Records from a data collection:
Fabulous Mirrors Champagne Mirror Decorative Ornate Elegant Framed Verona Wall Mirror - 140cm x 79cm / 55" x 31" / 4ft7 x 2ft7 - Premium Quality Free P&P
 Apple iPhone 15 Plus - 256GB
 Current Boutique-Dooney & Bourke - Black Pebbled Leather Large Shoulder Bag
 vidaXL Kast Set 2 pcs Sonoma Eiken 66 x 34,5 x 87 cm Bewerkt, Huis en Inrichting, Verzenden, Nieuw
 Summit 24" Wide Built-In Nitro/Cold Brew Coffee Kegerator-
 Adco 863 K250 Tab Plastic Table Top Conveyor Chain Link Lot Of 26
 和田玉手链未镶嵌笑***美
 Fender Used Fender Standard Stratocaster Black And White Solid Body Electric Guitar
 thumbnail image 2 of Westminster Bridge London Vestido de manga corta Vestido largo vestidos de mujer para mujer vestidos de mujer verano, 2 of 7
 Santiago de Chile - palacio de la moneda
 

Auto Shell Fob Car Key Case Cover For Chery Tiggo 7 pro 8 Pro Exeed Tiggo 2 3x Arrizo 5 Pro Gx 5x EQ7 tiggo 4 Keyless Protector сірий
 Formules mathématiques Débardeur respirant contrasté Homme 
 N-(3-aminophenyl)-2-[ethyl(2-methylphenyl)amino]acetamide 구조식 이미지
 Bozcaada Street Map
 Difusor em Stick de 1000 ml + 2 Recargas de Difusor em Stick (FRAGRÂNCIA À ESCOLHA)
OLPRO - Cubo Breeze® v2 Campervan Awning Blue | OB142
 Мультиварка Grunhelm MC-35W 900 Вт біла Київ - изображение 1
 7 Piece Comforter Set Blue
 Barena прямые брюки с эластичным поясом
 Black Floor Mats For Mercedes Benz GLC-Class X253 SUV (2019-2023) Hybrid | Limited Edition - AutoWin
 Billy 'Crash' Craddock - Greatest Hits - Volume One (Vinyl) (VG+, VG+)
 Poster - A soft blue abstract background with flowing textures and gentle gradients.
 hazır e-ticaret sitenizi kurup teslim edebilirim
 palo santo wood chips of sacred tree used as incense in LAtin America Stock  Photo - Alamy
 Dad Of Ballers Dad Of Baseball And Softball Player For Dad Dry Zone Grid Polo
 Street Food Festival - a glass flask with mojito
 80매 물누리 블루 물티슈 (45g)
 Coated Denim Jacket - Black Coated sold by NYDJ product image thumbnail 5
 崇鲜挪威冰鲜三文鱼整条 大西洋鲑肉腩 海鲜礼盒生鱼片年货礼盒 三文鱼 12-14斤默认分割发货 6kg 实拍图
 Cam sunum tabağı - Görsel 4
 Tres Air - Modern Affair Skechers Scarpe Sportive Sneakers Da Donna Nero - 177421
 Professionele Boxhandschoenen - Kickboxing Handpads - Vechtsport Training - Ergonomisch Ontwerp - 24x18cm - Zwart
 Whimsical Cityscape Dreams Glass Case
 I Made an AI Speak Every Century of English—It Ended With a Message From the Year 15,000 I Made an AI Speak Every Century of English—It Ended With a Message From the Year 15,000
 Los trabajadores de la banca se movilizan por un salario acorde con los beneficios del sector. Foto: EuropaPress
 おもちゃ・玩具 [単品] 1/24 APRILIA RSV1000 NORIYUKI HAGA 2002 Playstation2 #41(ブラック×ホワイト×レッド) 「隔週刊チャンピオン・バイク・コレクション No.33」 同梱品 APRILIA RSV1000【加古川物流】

• PROMPT:
Copy, exactly and only, the lines above that begin with the one containing "Cam sunum tabağı - Görsel 4" and finish with the one containing "Whimsical Cityscape Dreams Glass Case".

• YOUR RESPONSE:
 Cam sunum tabağı - Görsel 4
 Tres Air - Modern Affair Skechers Scarpe Sportive Sneakers Da Donna Nero - 177421
 Professionele Boxhandschoenen - Kickboxing Handpads - Vechtsport Training - Ergonomisch Ontwerp - 24x18cm - Zwart
 Whimsical Cityscape Dreams Glass Case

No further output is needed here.